Tuesday and Wednesday, we mostly spent cleaning up the shop. What a mess we had made! We swept up bags and bags of shavings and scraps and dust. And we had to sort through all of the tools and equipment and materials to separate what belonged to the Wood Turning Center and what belonged to the university. We also went to the Wood Turning Center to turn in our artist statements and corrections for the labels and to check out the installation. I had one piece, called “In Her Dream,” that required special installation, as you can see below. The shadows in the photos are distracting, but I’m really pleased with how the piece and branch seem to float.
I also videotaped Sean, Siegfried, Jean-François, and I talking about the work and our ITE experience, which I later turned into a Quicktime movie. I lack the software here to convert it into a format suitable for uploading, but I will continue working on that. It is available for viewing at the Wood Turning Center.
Thursday evening, August 2, all of us except Lesya—Peter came in from New York a day early, and Elisabeth pulled herself away from the museum—met with Albert at the Wood Turning Center. The purpose of the meeting was to discuss what single piece represented for each of us our ITE experience. The Wood Turning Center was acquiring a piece from each of us for its permanent collection, and the input from us would be considered in determining what those pieces would be.
To backtrack a little, Jean-François, Siegfried, Sean, and I had met individually with Albert on the previous Sunday to discuss our ITE experience and the work we had produced. Speaking for myself, it was an enlightening conversation. Talking through my pieces chronologically with Albert helped me see my experience as a whole for the first time. The conclusion I reached in that conversation was that there were two pieces that represented my experience—“Offering,” the first spouted vessel I turned, and “Learning to Cope: Pear Incognito under a Mantle of Cherry”—and I leaned toward the latter as the ultimate choice.
The purpose of the meeting wasn’t for each of us to say what piece we would choose for ourselves, but to hear what everyone else would choose for us—that is, to hear how our fellow ITErs perceived our work and our experience. The discussion was fascinating. It was a challenge to look objectively at each other’s work, to set aside our personal preferences and look at the work in the context of the individual artist.

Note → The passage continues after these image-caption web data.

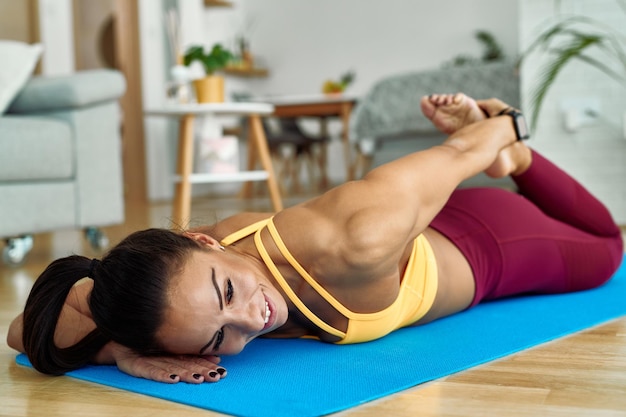 Junge glückliche Sportlerin, die Dehnübungen auf dem Boden im Wohnzimmer macht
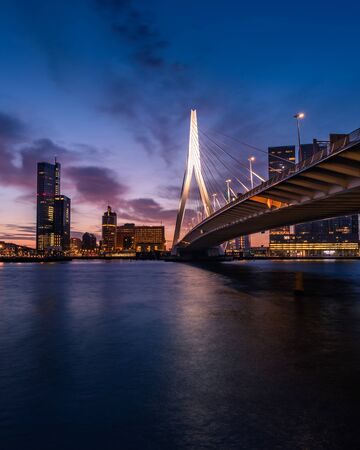 Sunrise at Rotterdam, the Netherlands, looking over the river that crosses the city.の写真素材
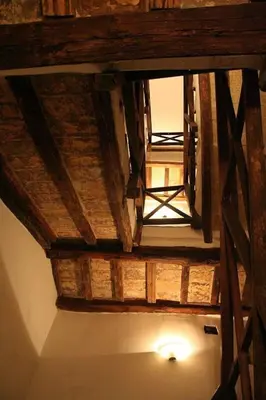 an overhead view of a wooden ceiling with a light at Portico d'Ottavia, the ancient Rome in Rome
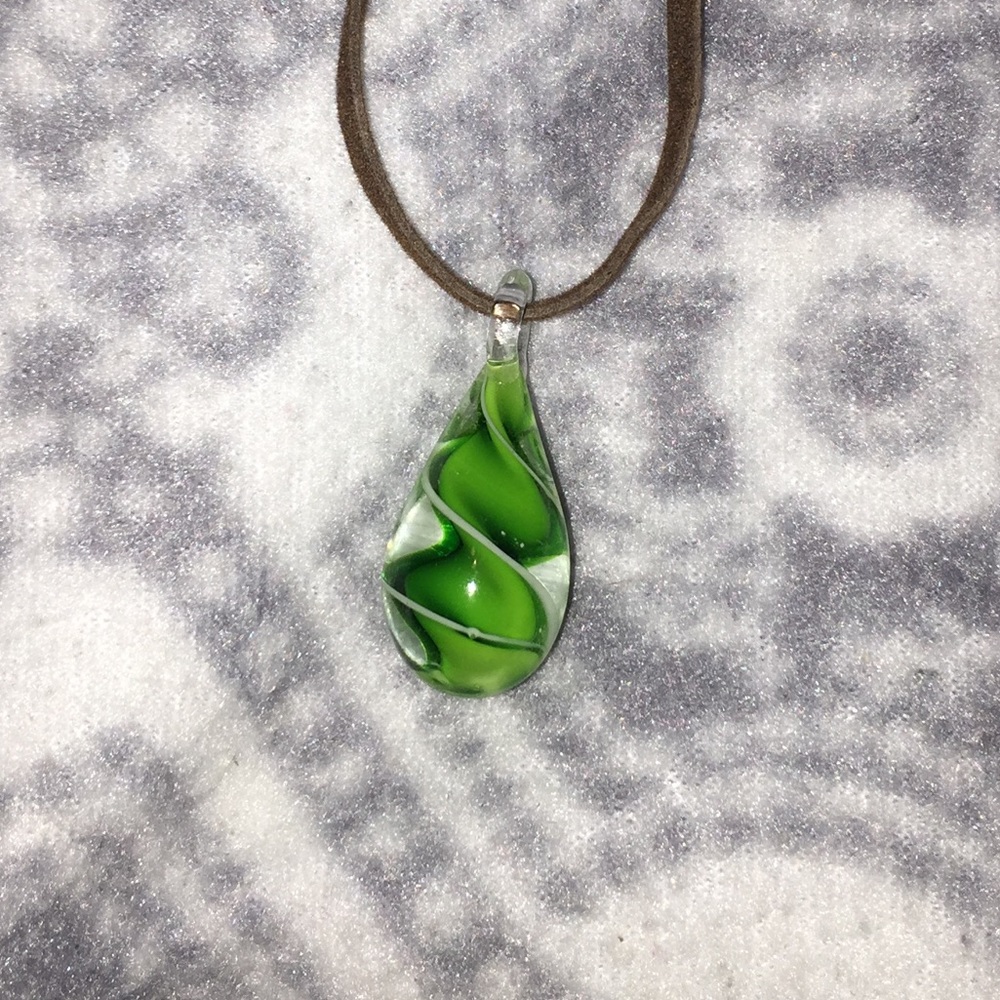 A necklace with green and white piece attached.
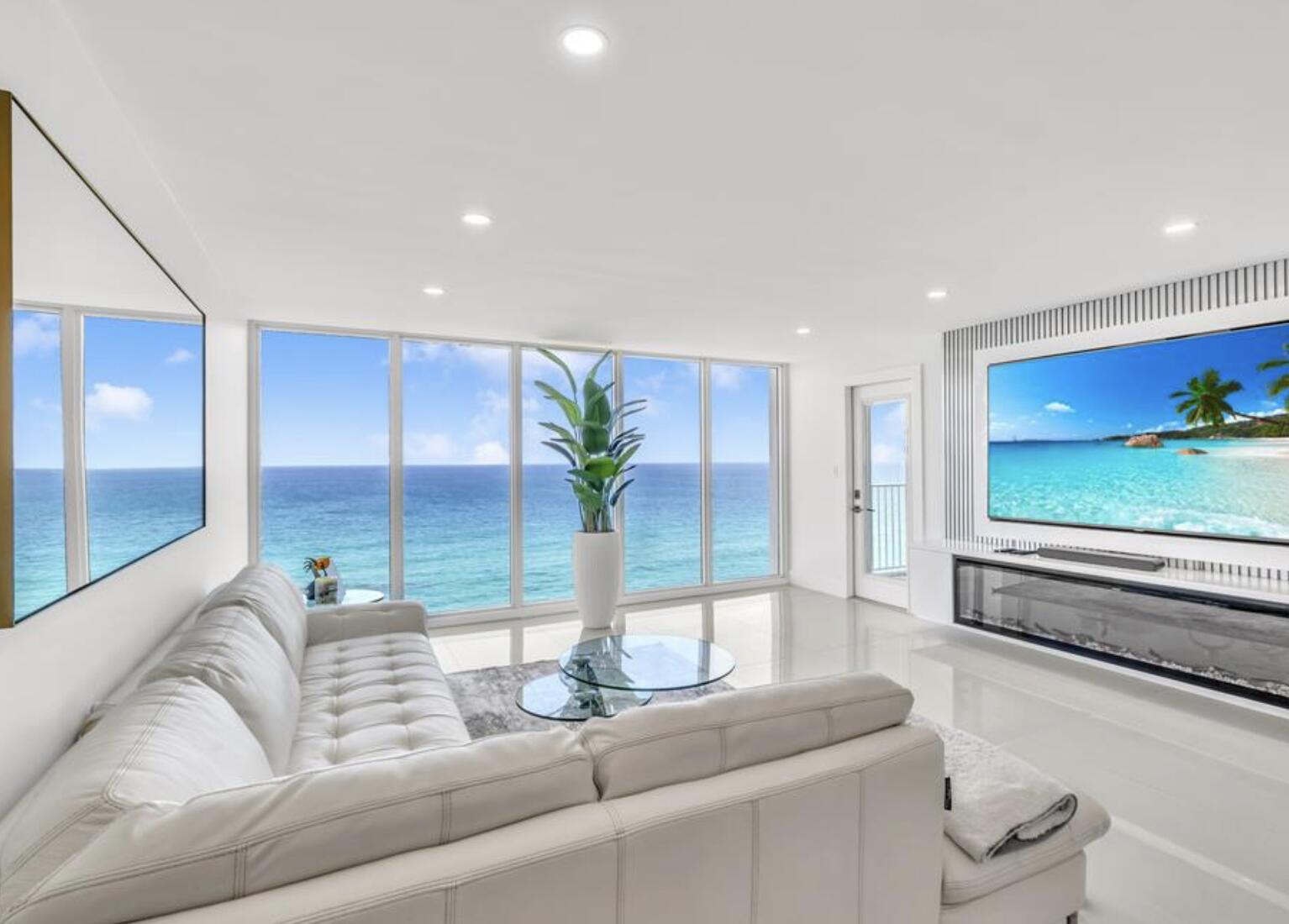 3000 South Ocean Boulevard, Unit 1405 Boca Raton, FL 33432 - Photo 3 of 17 a living room with furniture potted plant and a large window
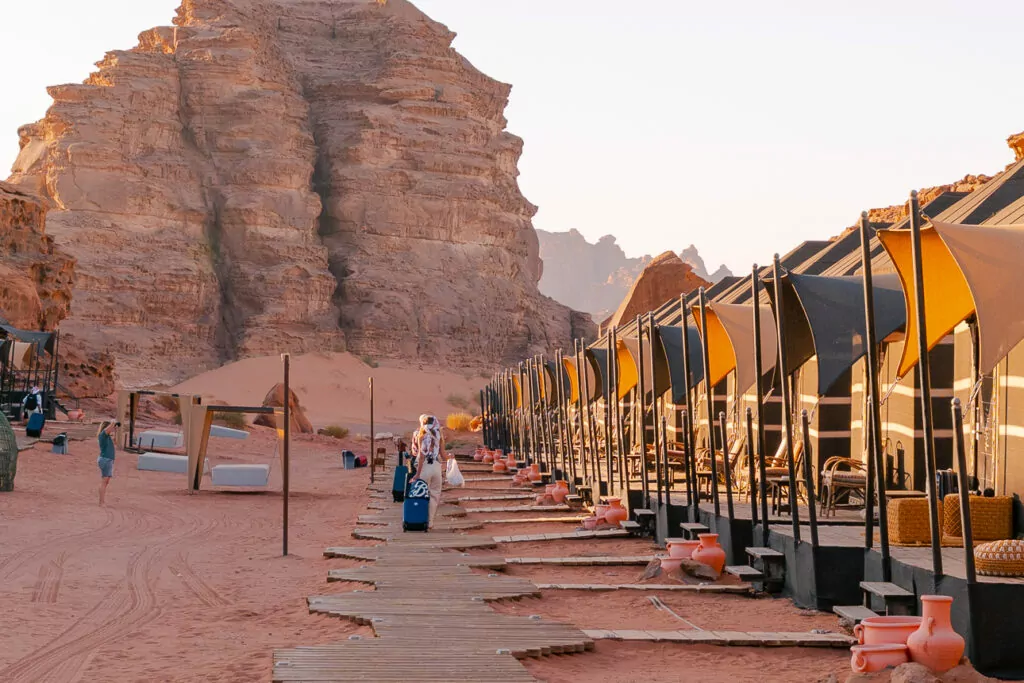Bedouin desert camp in Wadi Rum with colourful open-air tents nestled against towering red sandstone cliffs, visited on a G Adventures Jordan tour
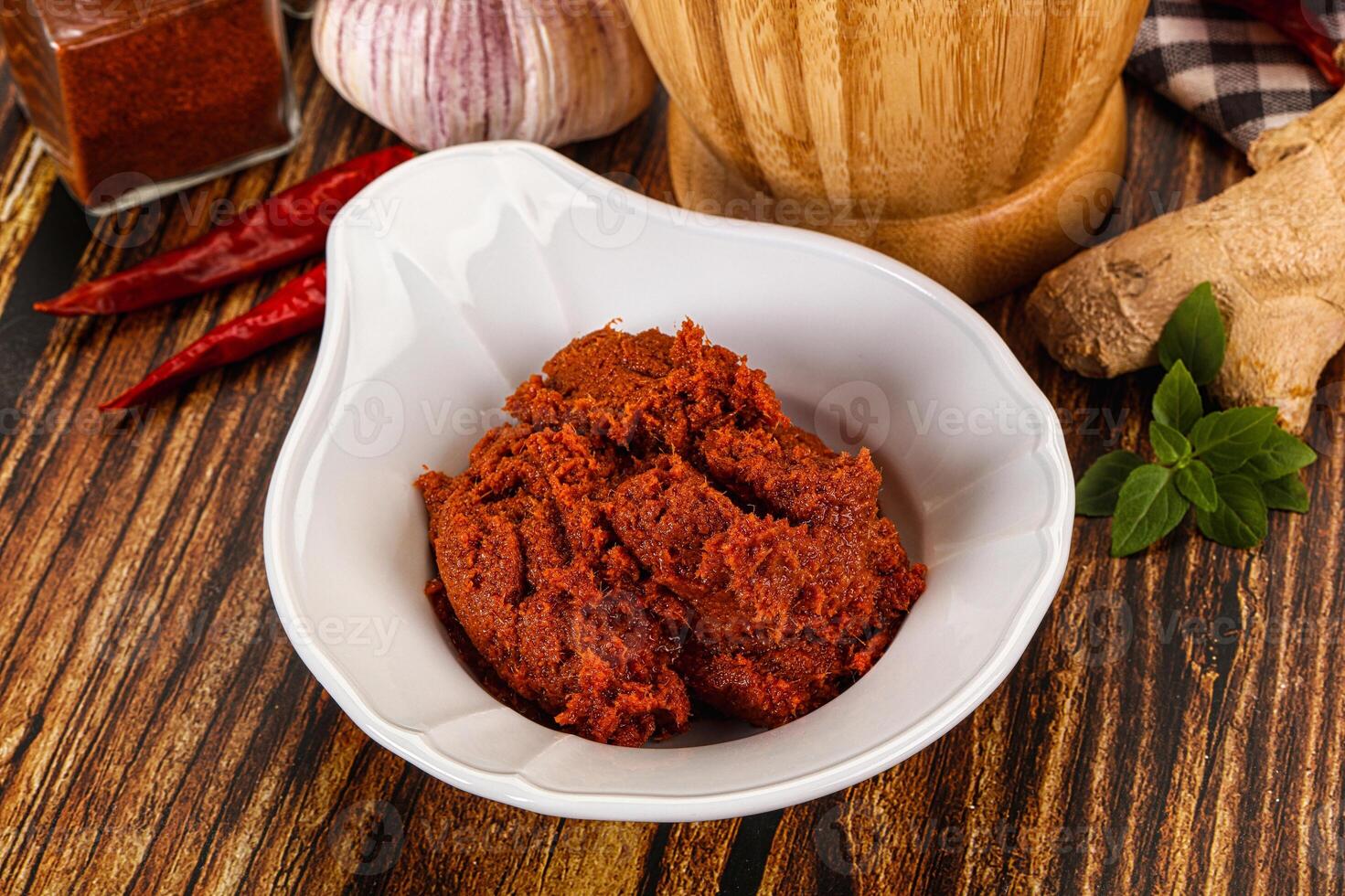 A bowl of red curry with spices and a wooden spoon photo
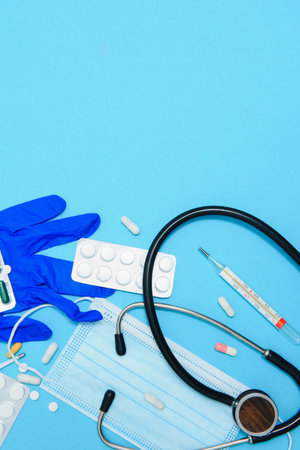 Scattered white pills on blue table.Medical, pharmacy and healthcare concept. Blue background white pills with a medical statoscope, top view.の写真素材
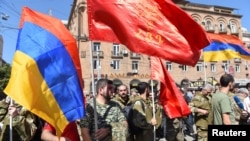 People attend a meeting to recruit military volunteers after Armenian authorities declared martial law and mobilised its male population following clashes with Azerbaijan over the breakaway Nagorno-Karabakh region in Yerevan, Armenia, Sept. 27, 2020.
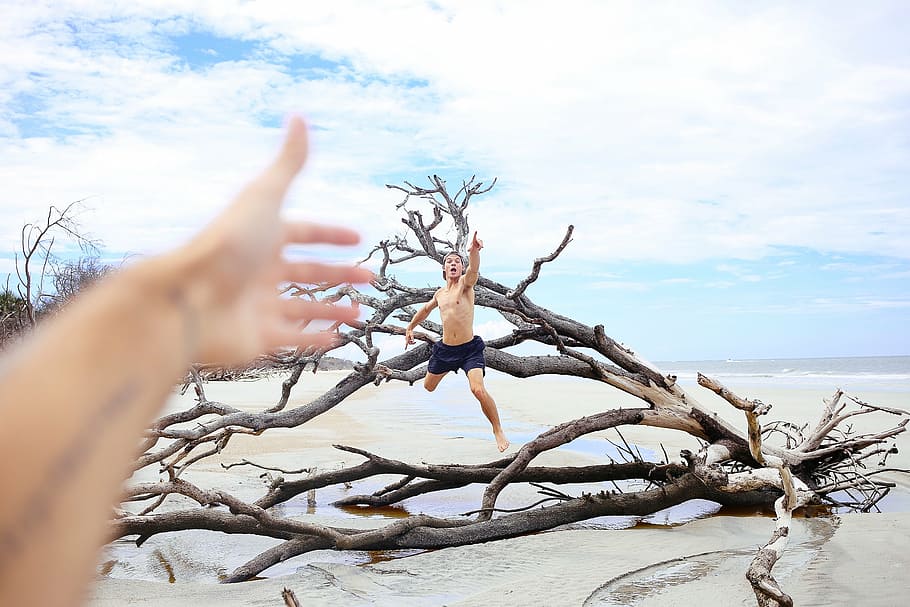 man jumping on driftwood, sea, clouds, branches, hands, people HD wallpaper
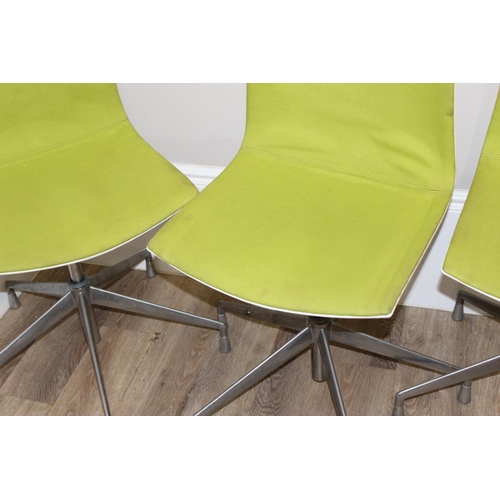 133 - A set of 4 Italian made retro style swivel chairs with metal base and green fabric upholstery, made ... 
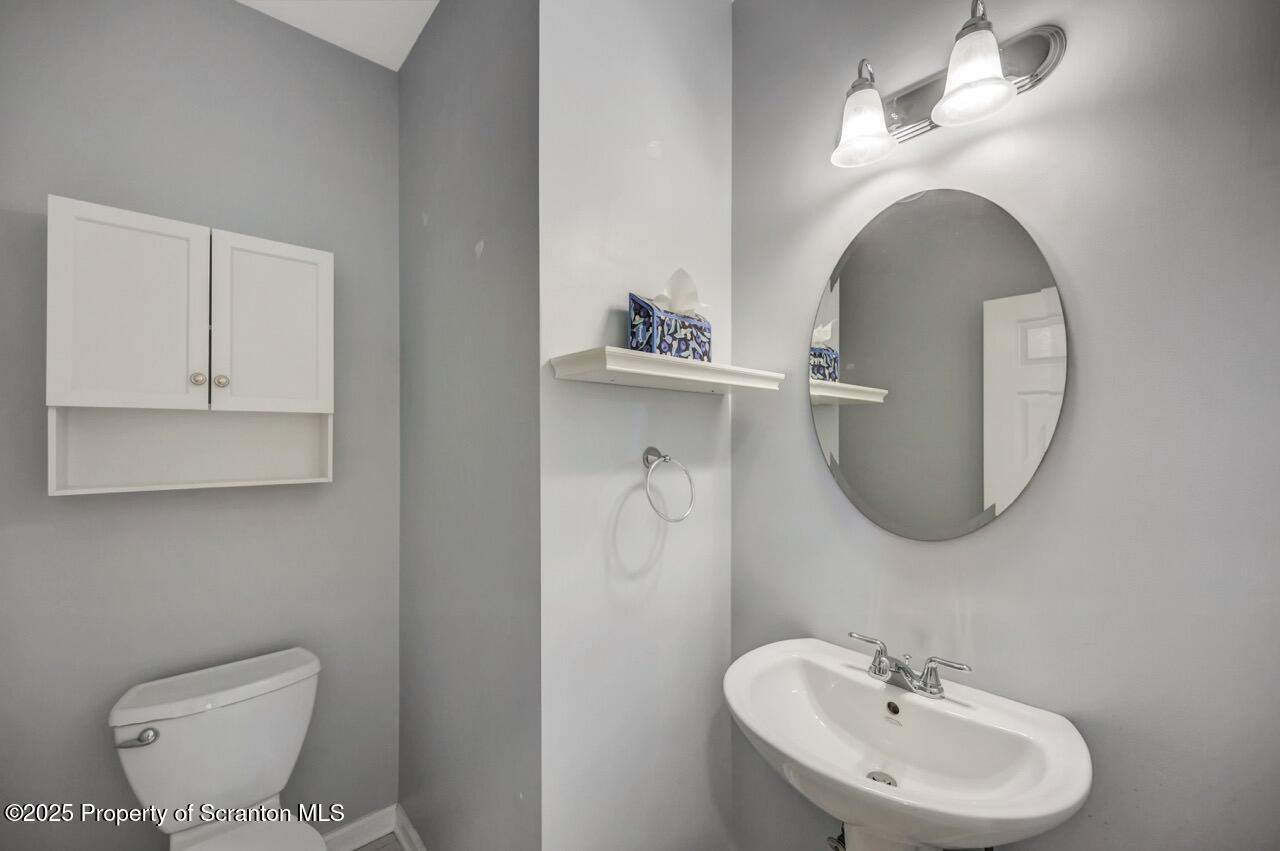 2303 Browning Cl Moosic, PA 18507 - Photo 27 of 71 a bathroom with a toilet a sink and mirror
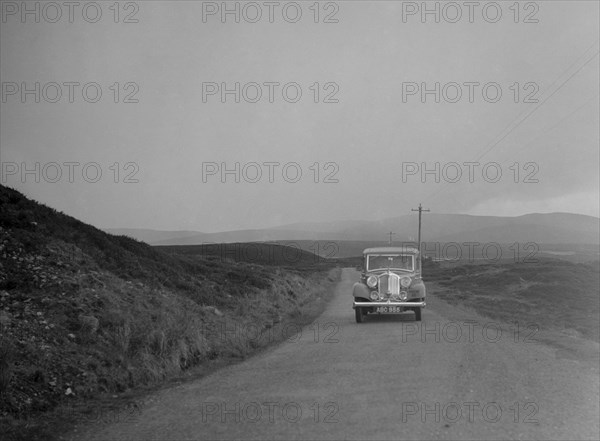 Rover of SJ Clutterbuck competing in the RSAC Scottish Rally, 1936. Artist: Bill Brunell.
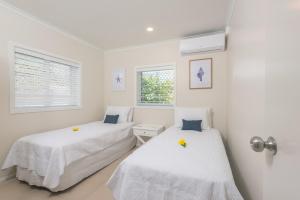 拉罗汤加Vaima Beachfront Apartments的配有2张床的白色墙壁和窗户客房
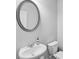 Powder room featuring a large mirror and pedestal sink at 614 Denali Dr, Mableton, GA 30126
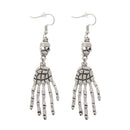 Hanging Skeleton Hands off Skulls Earrings
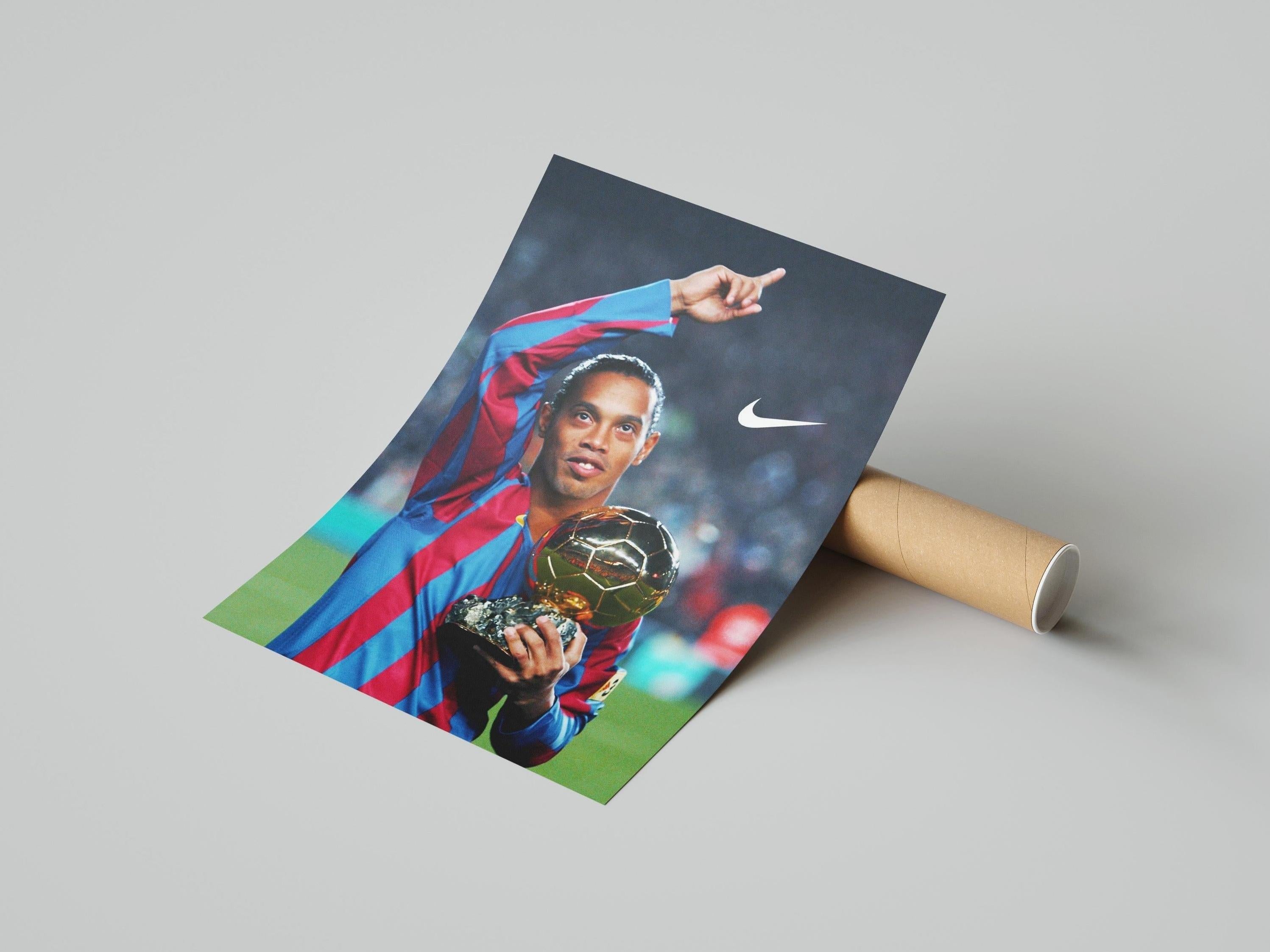 The Ronaldinho x Ballon dOr Poster by Retro1999 shows the soccer star in a red and blue striped jersey, holding the Ballon dOr trophy, pointing upward, with a visible Nike logo on the right.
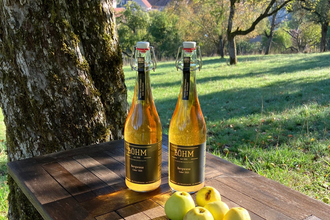 Cider und Streuobst-Äpfel auf einer Holzablage mitten in der Streuobstwiese | © Touristikgemeinschaft Hohenlohe | Manfred Böhm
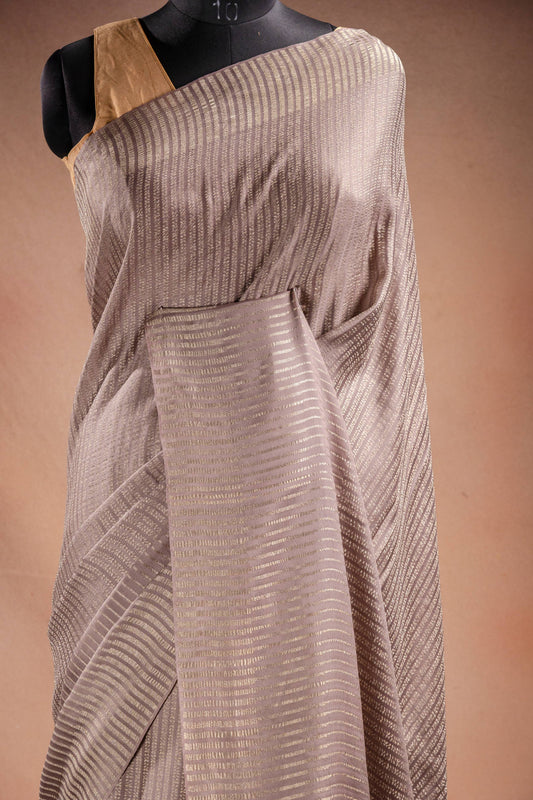 Beige Crepe Silk Saree with Silver Stripes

Being away from the rest of us gave Elisabeth and Peter interesting perspectives. In particular—though perhaps not surprisingly, given her training—Elisabeth seemed to see each of us the most clearly.
Some of our views were widely divergent to begin with, but in the end, we seemed to reach consensus on everyone. For me, the piece everyone settled on was the cloaked pear bowl, and that is the piece the Wood Turning Center did acquire. I hope that the Wood Turning Center will indicate on their site which pieces were acquired for each of us, because in the blur of the opening, I didn’t register what they were for the others.